Deep Dive into AI Infrastructure Stack

7 minute read

Published:

AI System Introduction

AI Infrastructure stack can be broadly categorized in 4 major layers:

  • The first layer is called the application layer where we execute our AI application software.
  • The second layer is called the middleware and framework layer which comprise AI and ML frameworks e.g. Tensorflow, PyTorch, Keras, etc.
  • The third layer is called the programming model layer and is the lowest layer of the software that is closest to the hardware and interacts with the layer above to create optimized code for the specific architecture being targeted, e.g. x86, ARM, etc. This layer is majorly written by library developers having expertise in hardware/ software interaction. This is the layer where AI specific hardware features and interactions are leveraged to accelerate AI software.
  • The fourth layer is the hardware layer which comprise either CPU, GPU, AI accelerators for execution of AI software code.

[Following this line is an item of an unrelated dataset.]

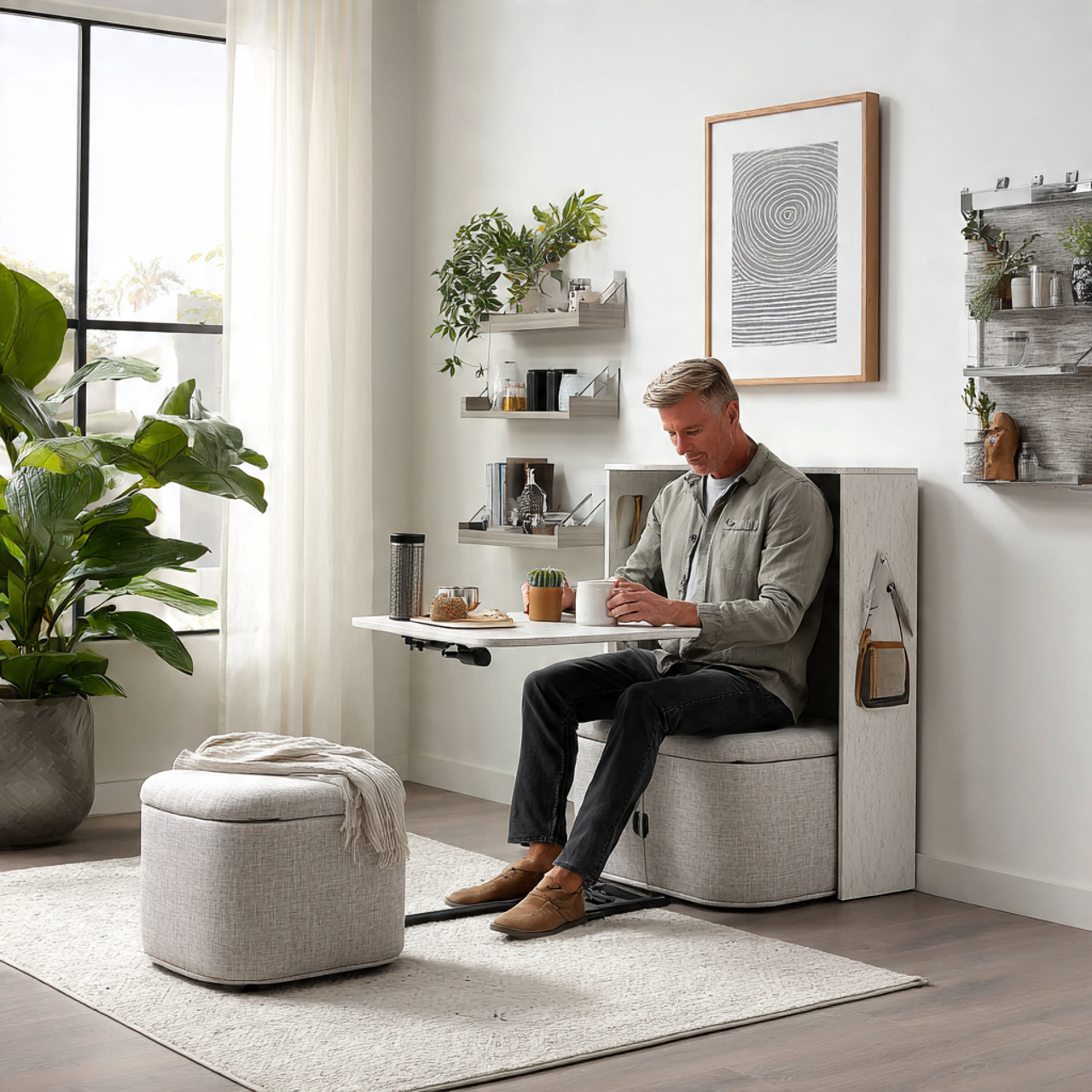 a realistic small studio room view featuring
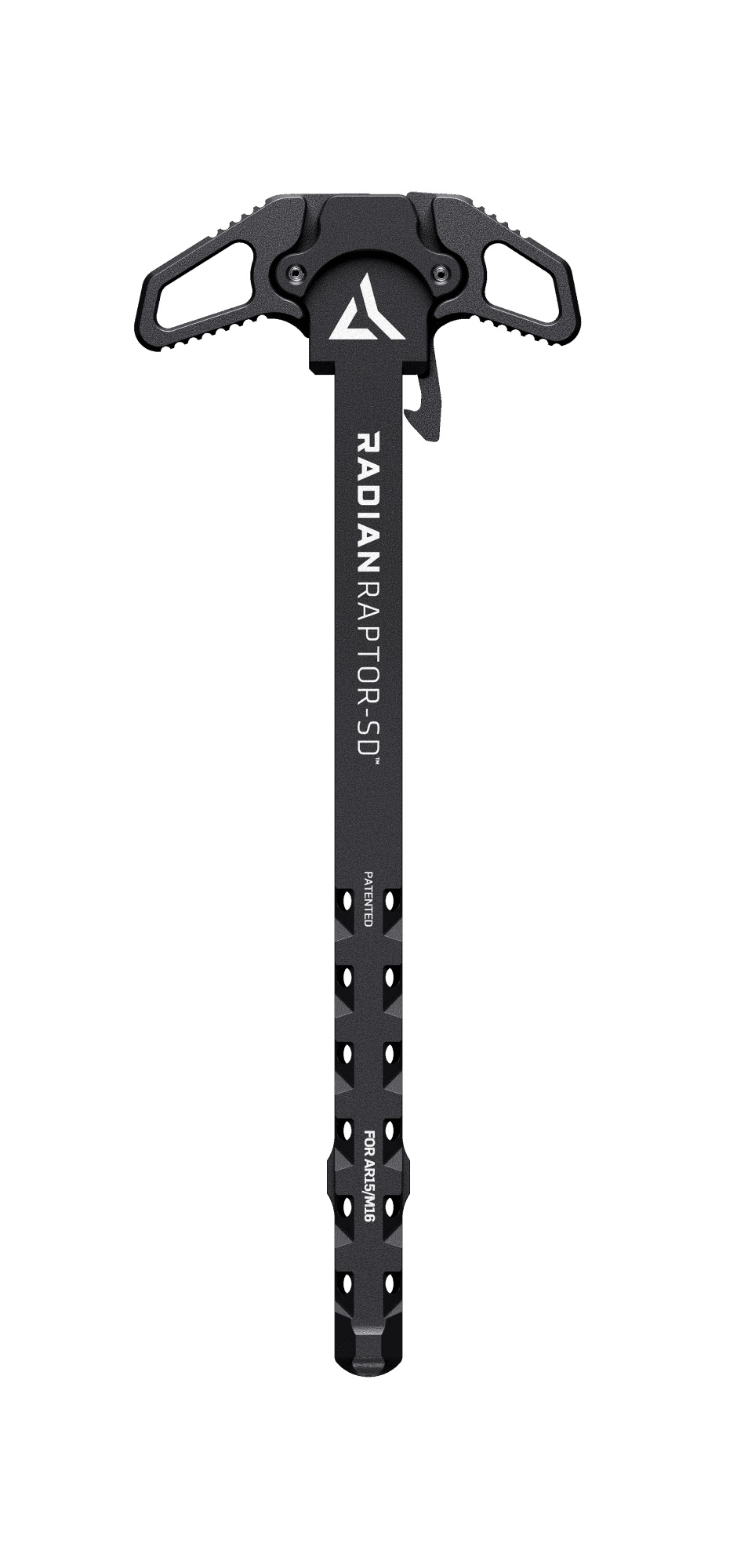Radian Weapons R0012 Raptor SD Ambi Charging Handle, Black, Gas Ported Shaft, Fits Mil-Spec AR-10/SR-25 Platform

Artificial Intelligence and Machine Learning rapid uptake over recent years can be attributed not only to new software platforms helping to orchestrate AI and recent advancements in AI models, but also to advancements in the core hardware enabling information processing across massive volumes of data. This has lead to more attraction and new possibilities to build and deploy AI applications in a streamlined fashion. With the rise of GPU (general-purpose parallel processing) as well as AI-focused ASICs (application-specific processing), like TPUs (Tensor Processing Units), engineers today are able to analyze large amount of data in a cost-effective and scalable manner and answer high-impact operational questions.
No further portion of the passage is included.